Floods and drought force Kenyans to cope with climate change

On May 10, 2018, a dam burst near the city of Solai in Western Kenya killing over 45 people. Weeks of heavy rain had already displaced tens of thousands of Kenyans, and the dam failure brought the death count to over 100. A week earlier and three hours to the south, Kamweti Mutu noted unusual flooding in his own backyard.

Heavy rains continue even through May, fulfilling the prophecy of above average rains this long rainy season.

Kamweti Mutu

For the past year, Mutu, a programs specialist with an agricultural NGO, has been photographing his backyard in suburban Nairobi each month on ISeeChange.

“It provides a convenient avenue to express my passion for nature and enthusiasm for observing the environment systematically,” Mutu said. “In our hyper-modernized world and over-reliance on technology, we’ve lost the instinct to read the landscape of signs and signals of a changing world.”

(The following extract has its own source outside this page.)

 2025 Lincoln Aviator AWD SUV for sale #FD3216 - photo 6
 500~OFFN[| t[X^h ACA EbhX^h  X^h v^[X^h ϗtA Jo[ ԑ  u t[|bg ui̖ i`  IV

Mutu’s photos indeed signaled how much the landscape changed as the rains fell – or failed to fall – over the last year. East Africa has two rainy seasons- one March through May that’s called the long rainy season, and a short one in November and December. Recent years’ seasons have been particularly extreme. During 2017 and 2018 Mutu’s grass cycled from lush green, to yellow and brittle, to drowned under muddy waters.

A year in Kamweti Mutu's neighborhood. Photos by Mutu.
A year in Kamweti Mutu’s neighborhood. See Mutu’s posts on ISeeChange.

 

What Mutu was documenting in his photographs felt particularly extreme. Sometimes his neighborhood faced prolonged drought, and other times the rains fell so hard that the community flooded.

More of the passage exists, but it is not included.